We are the descendants of the savants of risk aversion—those people who were the very best at not placing themselves in the path of existential threat.
This is one key reason why bad is stronger than good in our cognition. Even when at equal intensity, things of a more negative nature have a greater effect on our psychological state and processes than neutral or positive things. For most of our history, this kept us alive. It’s still an automatic reflex.
Here’s the twist—even though Negativity Bias is automatic, and therefore requires almost no effort on our part, it also sounds very smart. Research shows that book reviewers who tend to be more negative are perceived as more intelligent, competent, and expert than positive reviewers, even when the content of the positive review was independently judged as being of higher quality and greater forcefulness. Apply this to a room full of ambitious people intent on upward mobility and you may find that everyone is jockeying to be the smartest—as defined by the most cleverly negative person—in the room. New ideas don’t stand a chance if we’re not conscious about what’s going on with Negativity Bias.

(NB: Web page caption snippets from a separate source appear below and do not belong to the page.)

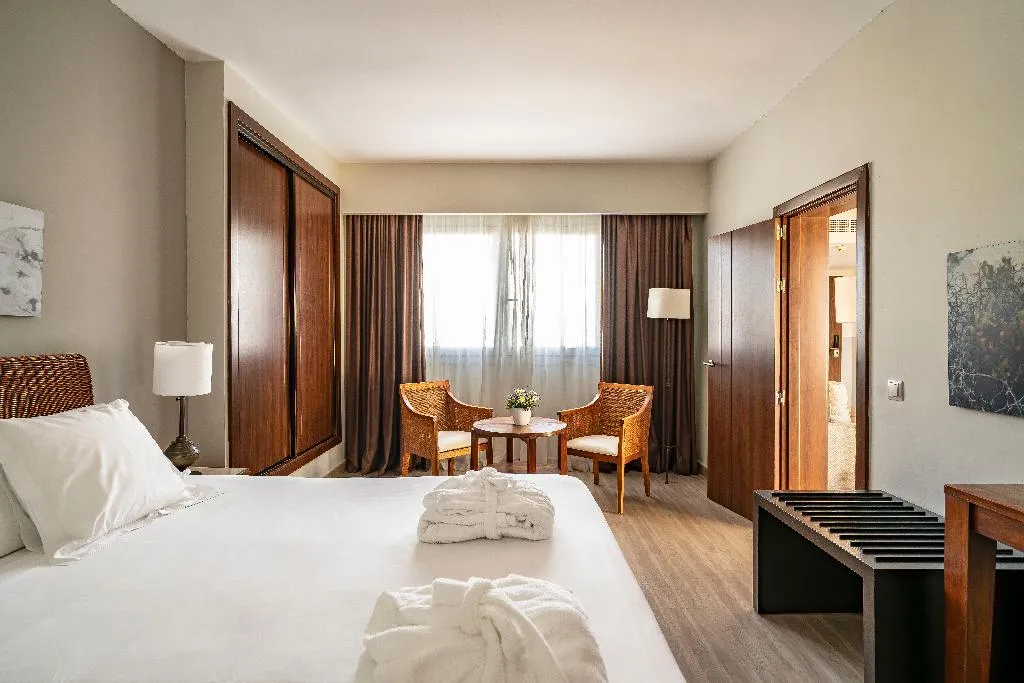 SUITE CAPACITY 5 Room, Vincci Costa Golf, Costa De La Luz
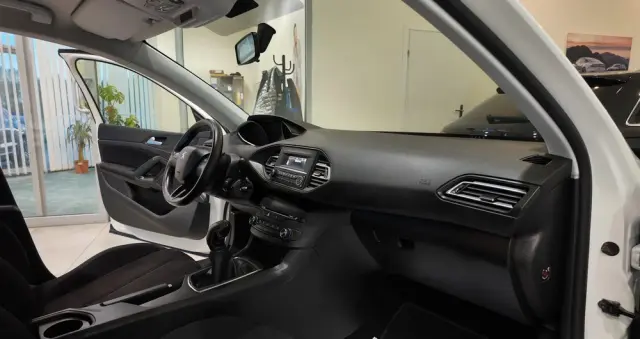 PEUGEOT 308 82 VTi Active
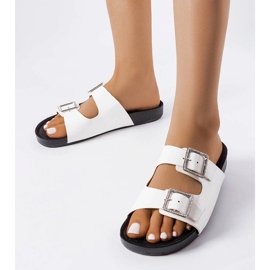 Bijele lakirane papuče s Norcross kopčama bijela 1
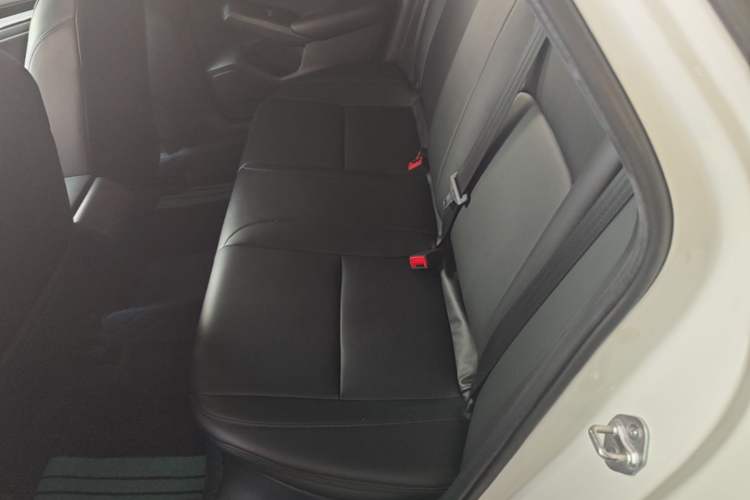 Used Honda Civic 2022 240TURBO CVT Dynamic Edition Left Rear Seat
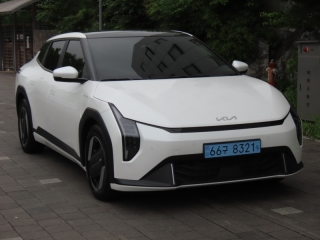 기아 EV4
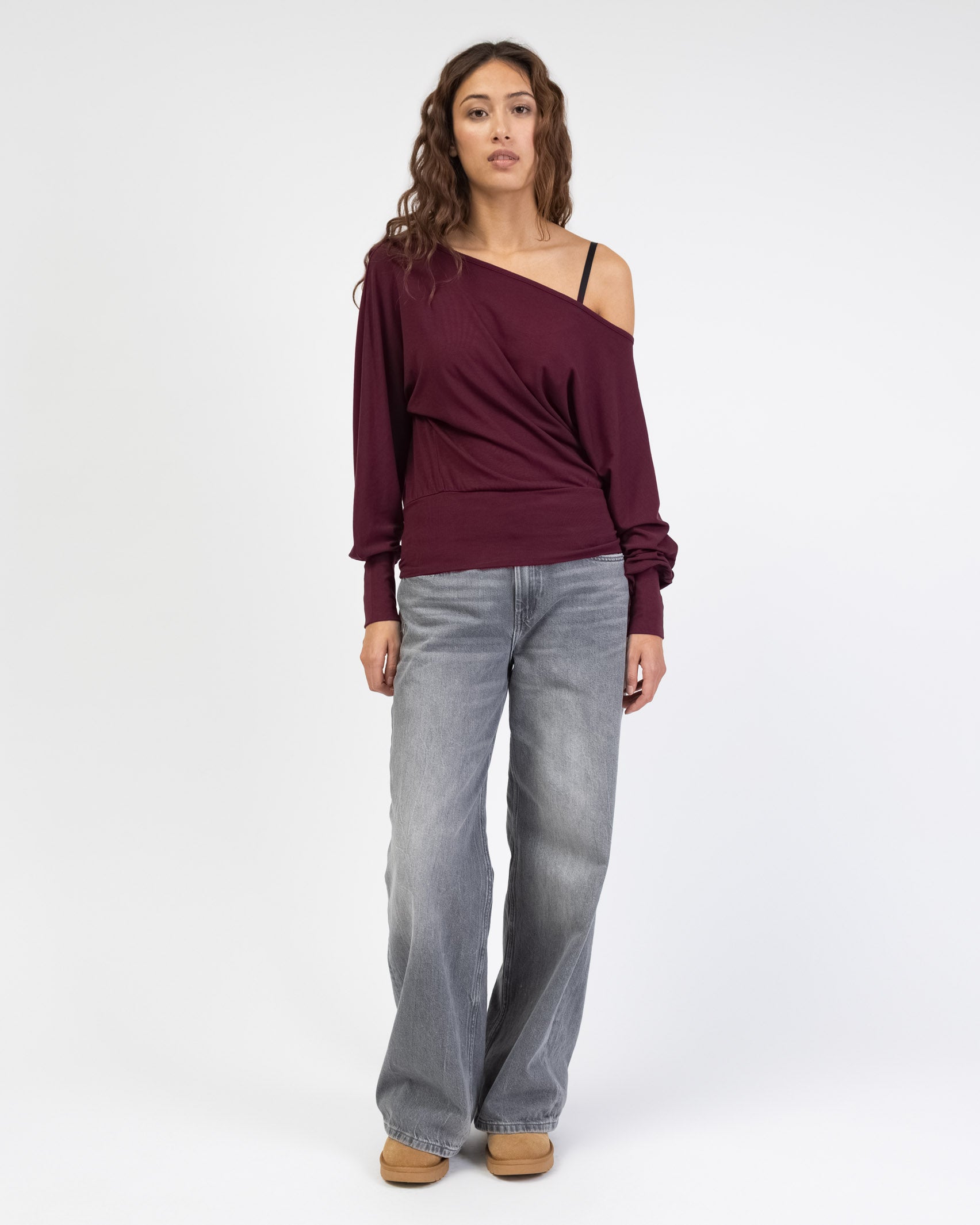 Offshoulder Langarmshirt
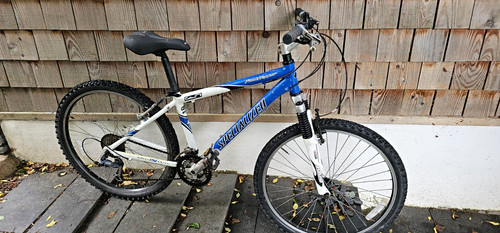 Specialized rockhopper 26in - rockhopper,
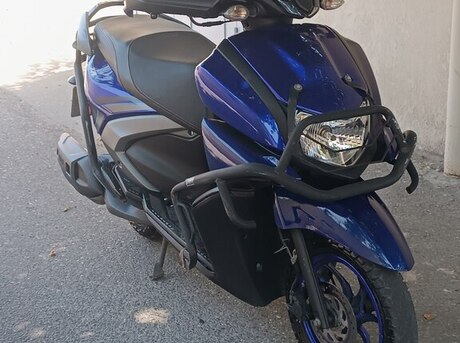 Yamaha RayZR Street Rally 125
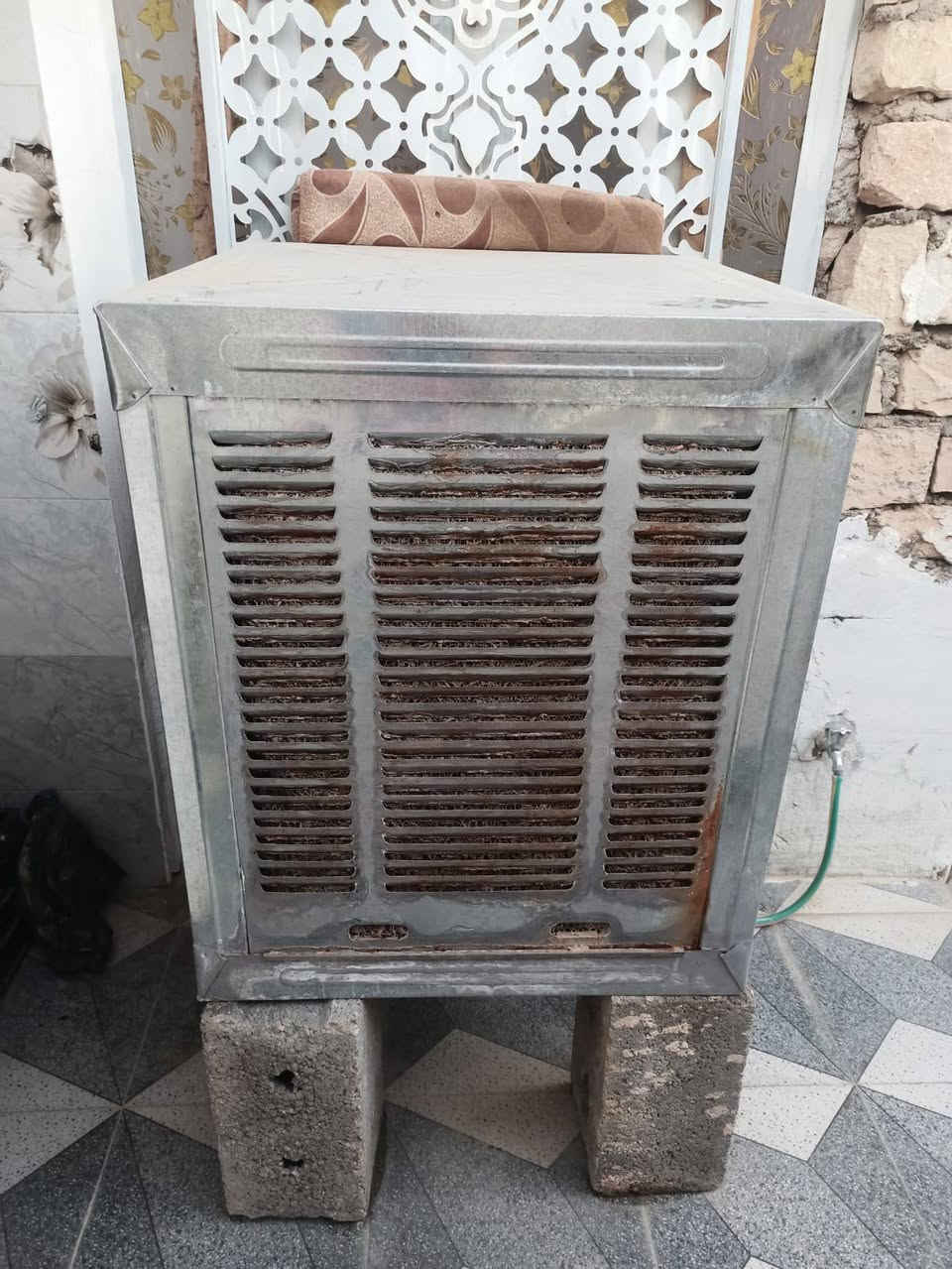 غراض للبيع المكان 6 كيلوو
***********
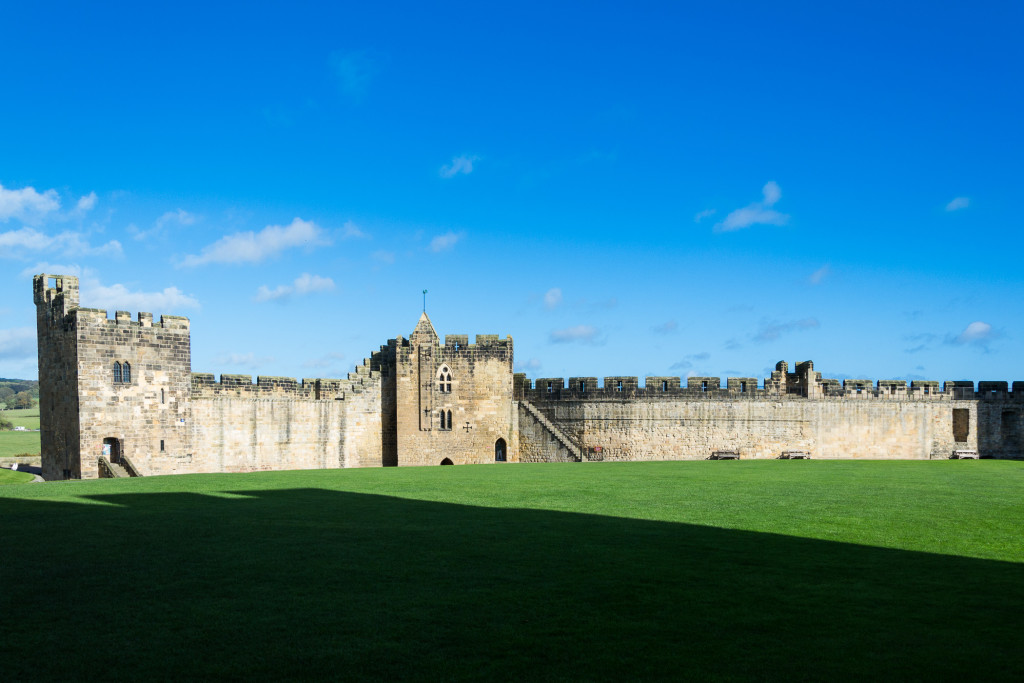 strahlender Sonnenschein in Northumberland, Alnwick Castle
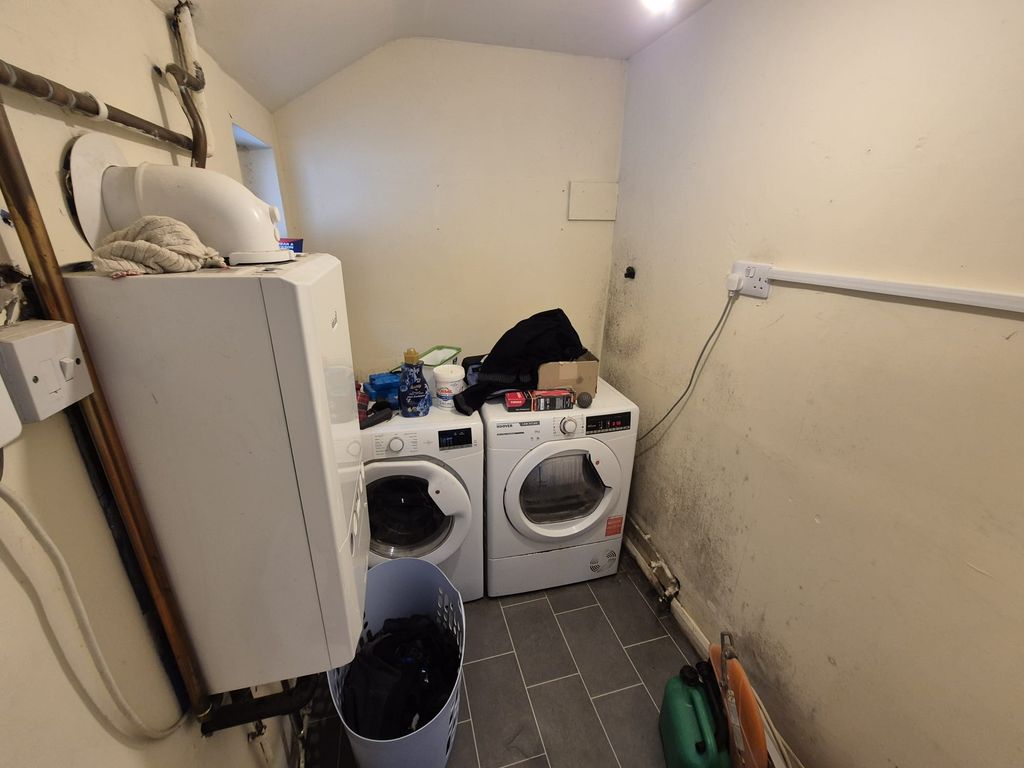 Additional image 5 of 2 bed terraced house for salePool Road, Leicester LE3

The big boss merely asking for innovation doesn’t always mean we’re in the clear. One study titled “The Bias Against Creativity,” looked at our deep-rooted negative perception of creativity and creative ideas, even when creative ideas were directly requested. What? The research showed that people had a hard time understanding how novelty and practicality could go hand-in-hand. The more unique the idea, the more its usefulness was questioned— and ultimately, the perception of risk overcame the need for newness. Everyone wants to go to creativity heaven, but no one wants to die. According to this research, the bias against creativity is particularly problematic because people are not aware of what is driving their negative evaluations and therefore can’t correct for them. Again, the nonconscious gremlins!
We humans are incredibly skilled in finding the potential problems in any idea. We’re better at coming up with reasons why we can’t do things than with new ideas themselves!